Using Ultra-Sound Images and a Multi-Task, Explainable Approach for Thyroid Cancer Detection

Published: 01 Jan 2024, Last Modified: 15 Mar 2025BIBE 2024EveryoneRevisionsBibTeXCC BY-SA 4.0
Abstract: The current clinical practice in thyroid nodule malignancy detection and diagnosis consists of ultrasound (US or sonogram) imagery, followed by guided fine needle aspiration (FNA) biopsy if deemed necessary. FNA is performed based on the expert knowledge of trained clinicians, who assess the malignancy risk of the thyroid nodule(s). Thyroid malignancy risk assessment based on ultrasound images rely on experience and heuristics, which cannot be directly and reliably converted into rule-based algorithms. Thus, deep learning-based automated methods for nodule segmentation and risk-assessment are designed as aids for radiologists to enable them to provide timely and successful cancer treatment to patients. Existing AI methods for analyzing thyroid ultrasound imagery are designed to perform either nodule segmentation or output an objective belief of malignancy that drives the decision to perform an FNA. AI solutions that simply output a probability of malignancy suffer from lack of reliability and explainability, and are usually not trusted by clinicians. Radiologists rely on the American College of Radiology TI-RADS system for malignancy risk assessment. TI-RADS requires visual analysis of features such as nodule margin, composition, echogenicity, shape and echogenic foci. AI models need to incorporate this domain knowledge to achieve explainability and earn the trust of clinicians. We aim to take a step in this direction by designing a multi-task deep-learning model that performs three important tasks: thyroid nodule segmentation, sonogram feature detection, and explain the risk of malignancy.
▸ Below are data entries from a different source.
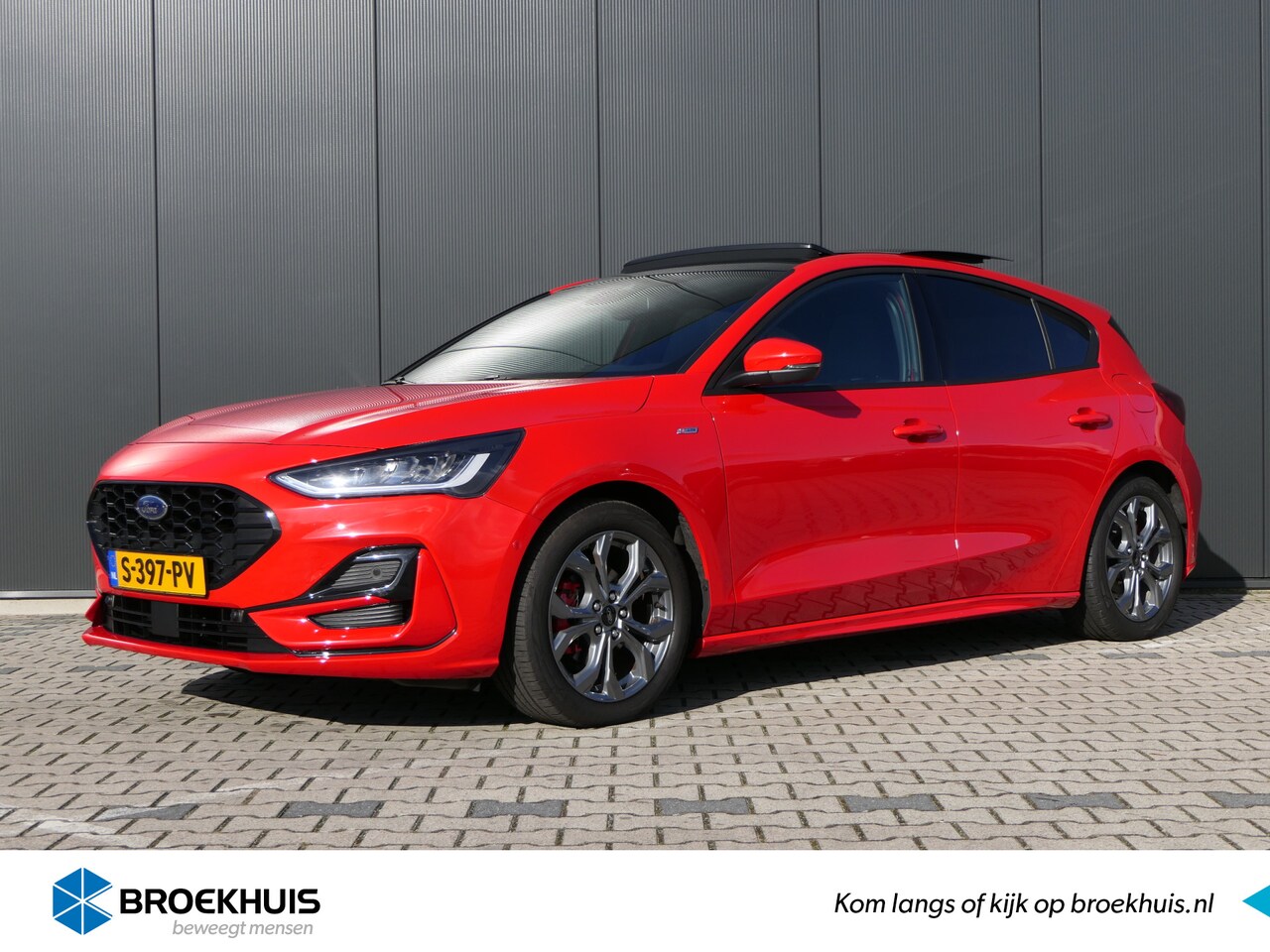 Ford Focus - 1.0 EcoBoost Hybrid ST Line | Winter pack | Adaptive cruise control | Pano dak | Camera ac - AutoWereld.nl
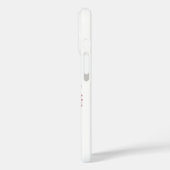 Pink Floral Gold Geometric Phone Case (Achterkant / Links)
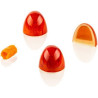 Kit Dome 01 cupole ripiene: CH030 stampo Tritan per 24 cioccolatini forma cupola + stampo silicone per inserti da Silikomart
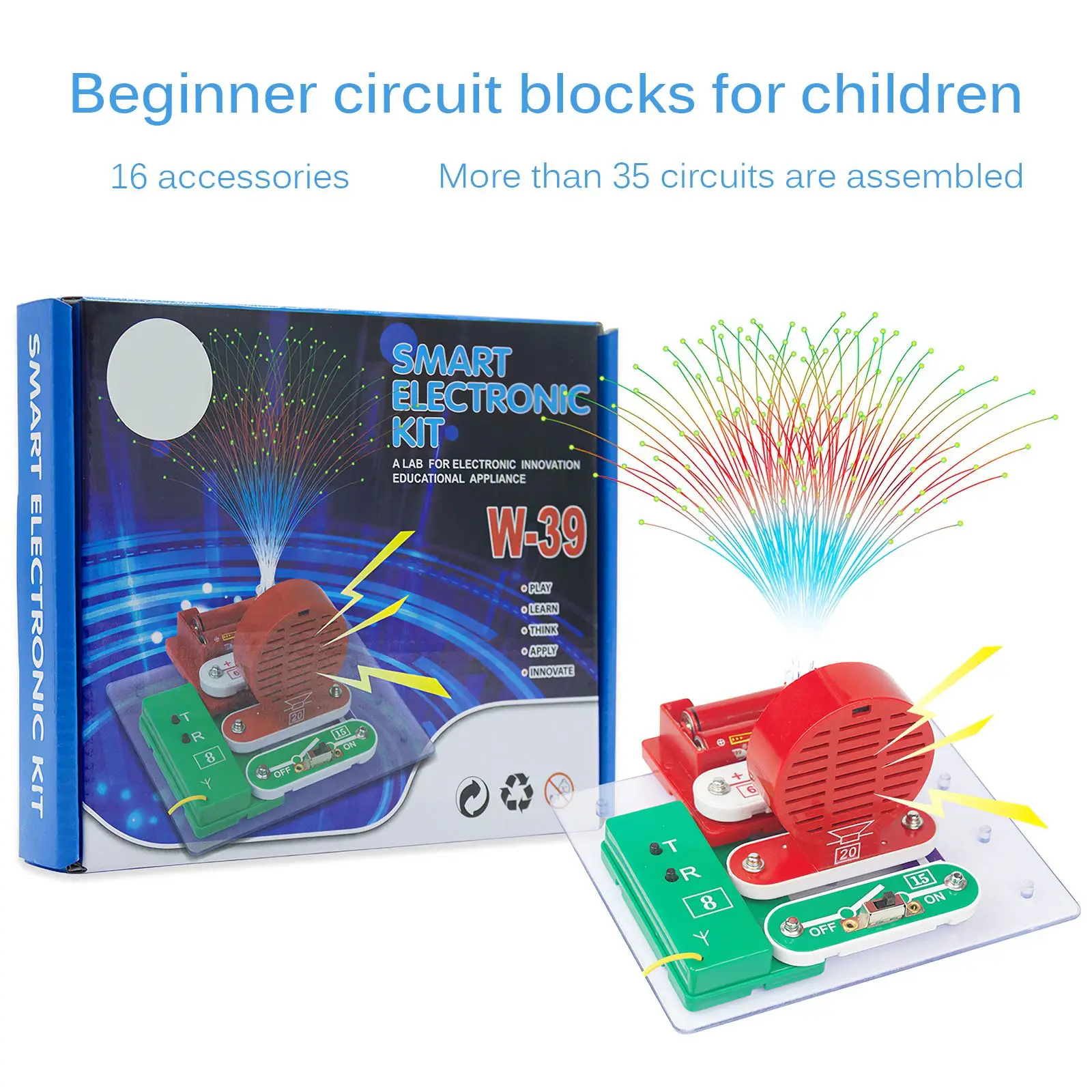 Electronic Building Blocks Montessori Toy Circuit Experiment Kit Assembling Electric Educational Kid | Игрушки и хобби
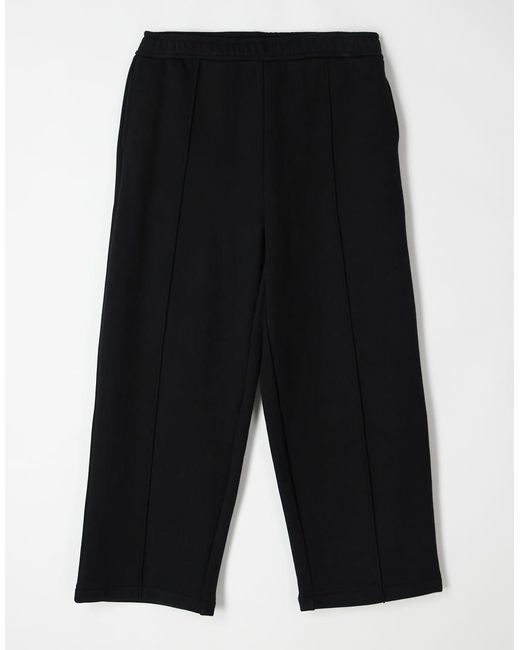 ASOS COLLECTIVE Black Loose Fit Super Heavyweight joggers for men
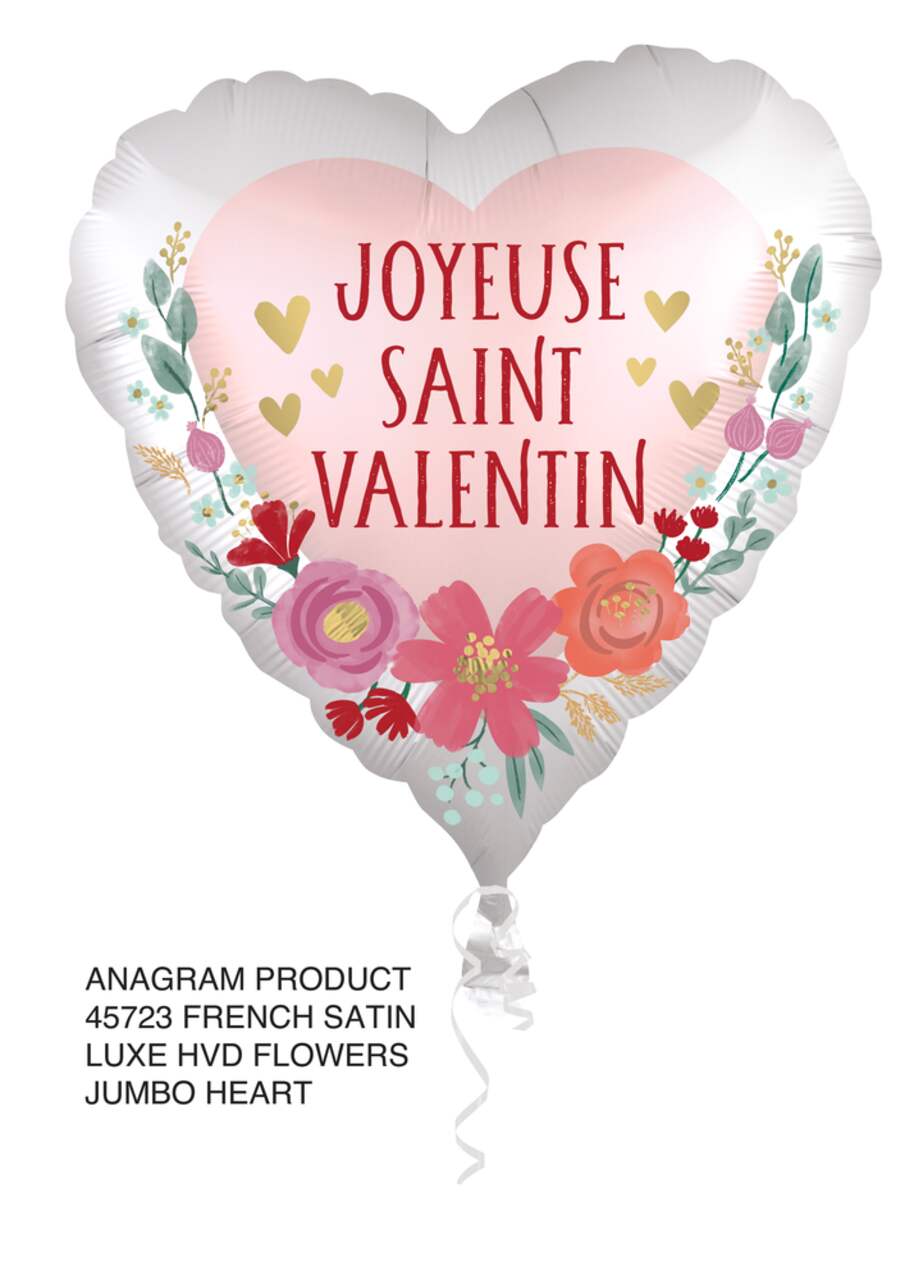 Format Coeur Ballon Saint Valentin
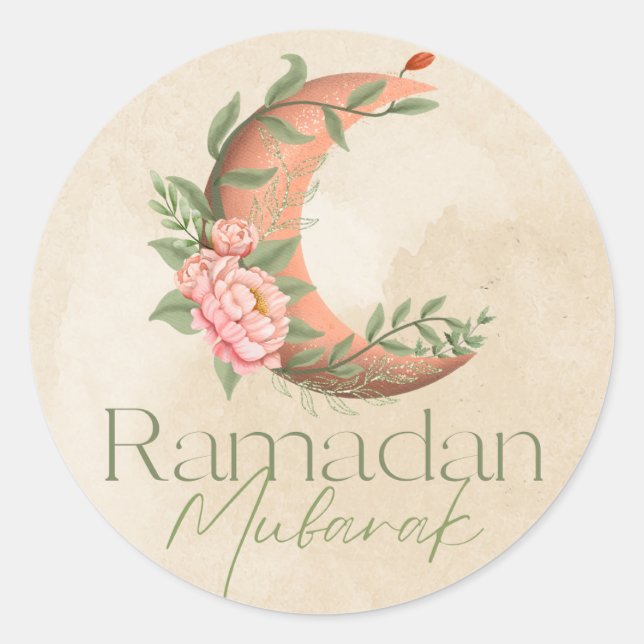 Elegant Ramadan Mubarak Ramadan Gift Sticker (Front)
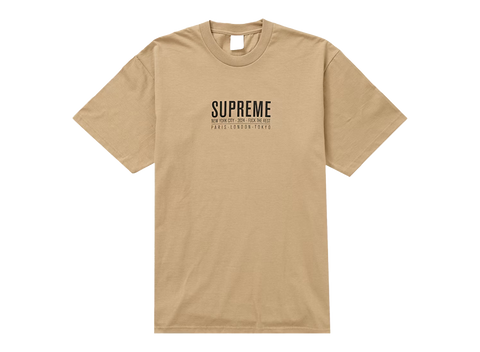 Supreme Paris Tee Khaki (Pre-Owned)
We evaluate our technique quantitatively using the Thyroid Ultrasound Cine-Clip Dataset from Stanford for training and testing. On the Stanford dataset, our framework achieves an mIoU of $71 \%$ for segmentation and $\mathbf{6 5 \%}$ accuracy for high/low risk classification. Additionally, we use the Thyroid Digital Image Database (TDID) to test on a different dataset than the training set with a segmentation mIoU of $\mathbf{6 5 \%}$ and a risk classification accuracy of $\mathbf{6 4 \%}$.